But apart from these extravagant expressions of good feeling, Borabolla was the prince of good fellows. His great tun of a person was indispensable to the housing of his bullock-heart; under which, any lean wight would have sunk. But alas! unlike Media and Taji, Borabolla, though a crowned king, was accounted no demi-god; his obesity excluding him from that honor. Indeed, in some quarters of Mardi, certain pagans maintain, that no fat man can be even immortal. A dogma! truly, which should be thrown to the dogs. For fat men are the salt and savor of the earth; full of good humor, high spirits, fun, and all manner of jollity. Their breath clears the atmosphere: their exhalations air the world. Of men, they are the good measures; brimmed, heaped, pressed down, piled up, and running over. They are as ships from Teneriffe; swimming deep, full of old wine, and twenty steps down into their holds. Soft and susceptible, all round they are easy of entreaty. Wherefore, for all their rotundity, they are too often circumnavigated by hatchet-faced knaves. Ah! a fat uncle, with a fat paunch, and a fat purse, is a joy and a delight to all nephews; to philosophers, a subject of endless speculation, as to how many droves of oxen and Lake Eries of wine might have run through his great mill during the full term of his mortal career. Fat men not immortal! This very instant, old Lambert is rubbing his jolly abdomen in Paradise.

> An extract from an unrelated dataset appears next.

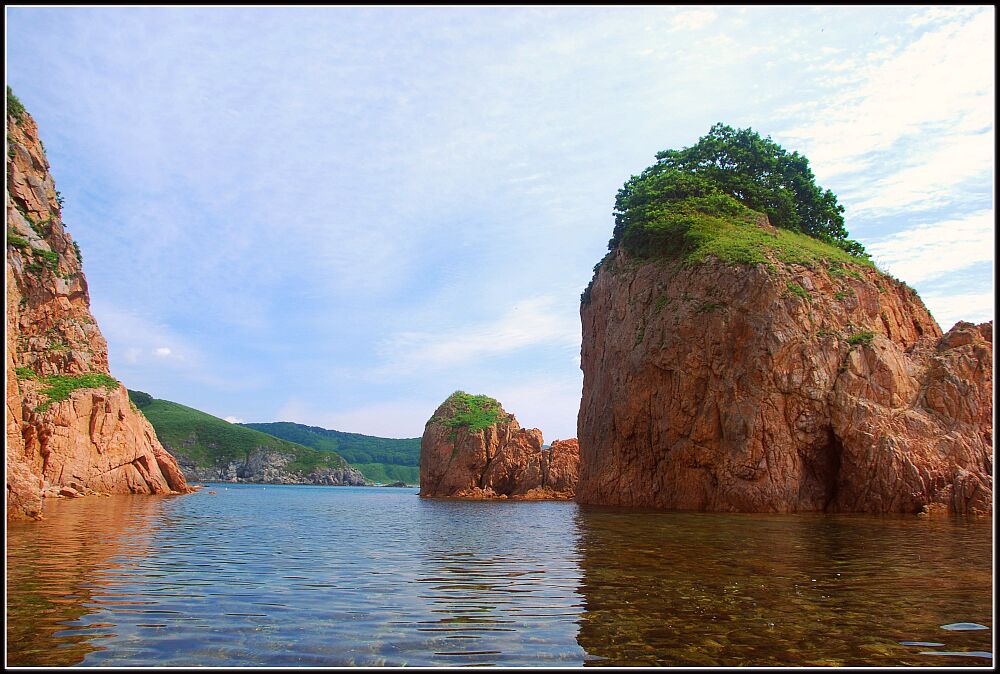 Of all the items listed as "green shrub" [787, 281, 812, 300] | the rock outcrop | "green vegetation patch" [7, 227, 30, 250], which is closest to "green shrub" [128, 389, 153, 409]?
the rock outcrop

Now, to the fact of his not being rated a demi-god, was perhaps ascribable the circumstance, that Borabolla comported himself with less dignity, than was the wont of their Mardian majesties. And truth to say, to have seen him regaling himself with one of his favorite cuttle-fish, its long snaky arms and feelers instinctively twining round his head as he ate; few intelligent observers would have opined that the individual before them was the sovereign lord of Mondoldo.

But what of the banquet of fish? Shall we tell how the old king ungirdled himself thereto; how as the feast waxed toward its close, with one sad exception, he still remained sunny-sided all round; his disc of a face joyous as the South Side of Madeira in the hilarious season of grapes? Shall we tell how we all grew glad and frank; and how the din of the dinner was heard far into night?

We will.

When Media ate slowly, Borabolla took him to task, bidding him dispatch his viands more speedily.

Whereupon said Media “But Borabolla, my round fellow, that would abridge the pleasure.”

“Not at all, my dear demi-god; do like me: eat fast and eat long.”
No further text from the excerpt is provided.